Because the buildings were probably never going to be climate controlled and the single-pane windows were cheap. And, as we found out, single-pane windows were difficult to ship and have them arrive at jobsites without breaking.

With more and more post frame buildings being climate controlled, it truly only makes sense to use double-pane windows.

I was surprised when I read this on the website of another company which provides pole barn kits: Even windows can be insulated. In an insulated pole barn, you might consider installing double pane windows.  They are more expensive than single pane, but increase energy efficiency and help keep the area climate controlled.”

It has been at least three decades since I would even have considered providing less than a double-pane window to a client.

Single-pane windows are made with a single layer of glass. They come in all of the same styles and materials double-pane windows do, but they are not as efficient at keeping out noise or seasonal temperatures. Their initial cost is less, but over time, energy bills will be higher.

Single-pane glass treatments have no insulation. When you have only one pane of glass, outside temperatures and noise will affect the inside of your post frame building more easily. However, the costs of heating or cooling down your pole building are directly related to the type of window you choose.

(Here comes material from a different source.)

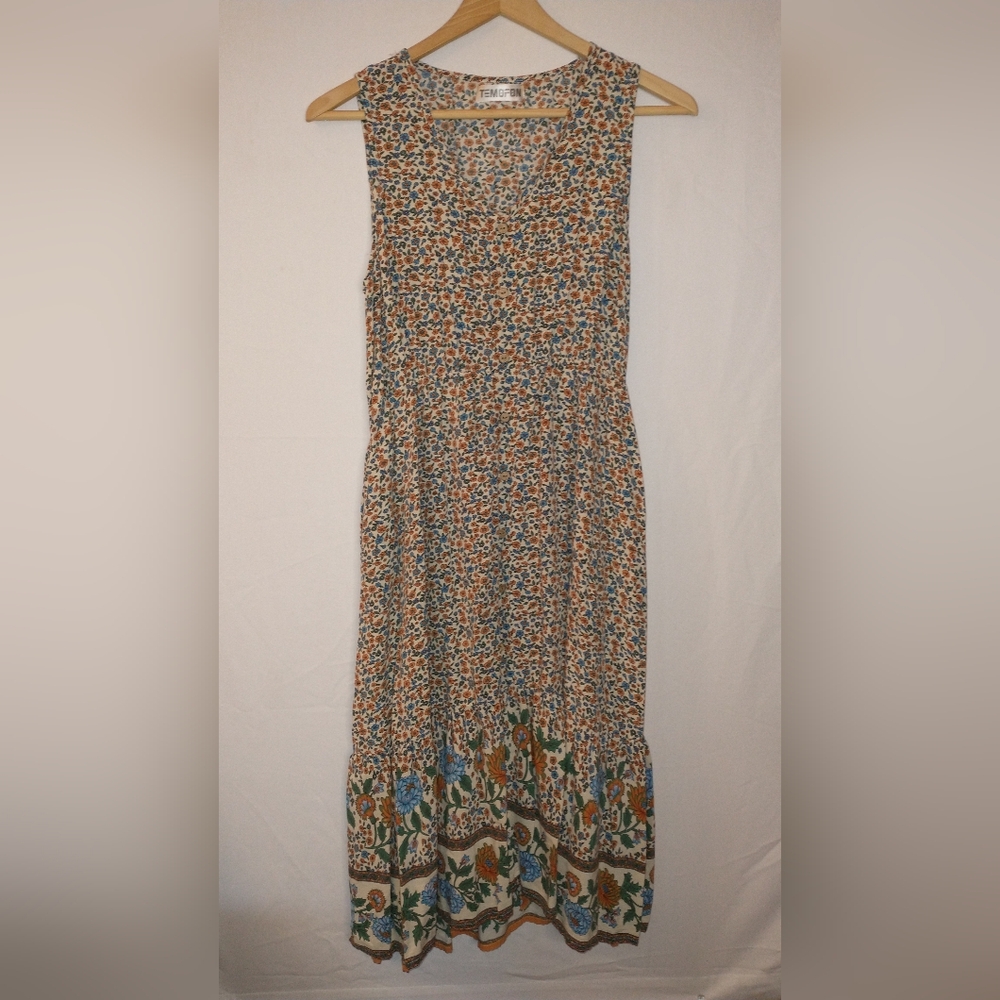 Temofon Boho Hippy Prairie Sleeveless Floral Maxi Dress in Multicolor S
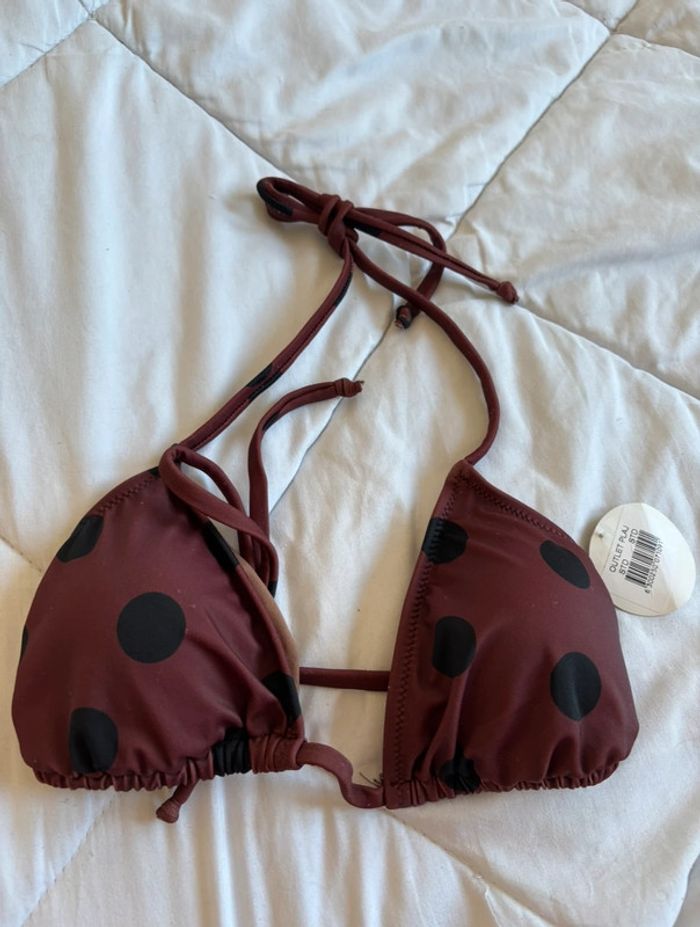 Maillot de bain marron cerise à pois noir coque neuf taille S/36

Double-pane windows come with two panes of glass. These panes are separated from each other by a spaced filled with air. This air traps winter’s colder temperatures or summer’s heat in between the two windows and forms a barrier which blocks the heat and cold from affecting your pole building. The energy savings over single pane windows can be as much as 24 percent in cold climates during the winter and 18 percent during the summer in hot climates. This results in lower energy costs and less noise, which can be an important consideration in high traffic areas.

These window treatments do initially cost more than single-pane windows do, since they use double the glass material, but the insulation and strength they offer can make them a much better buy. In fact, with double-pane windows you won’t have to use your air conditioner as often and your heater can be set at a lower temperature because the air temperature inside your post frame building will be more consistent.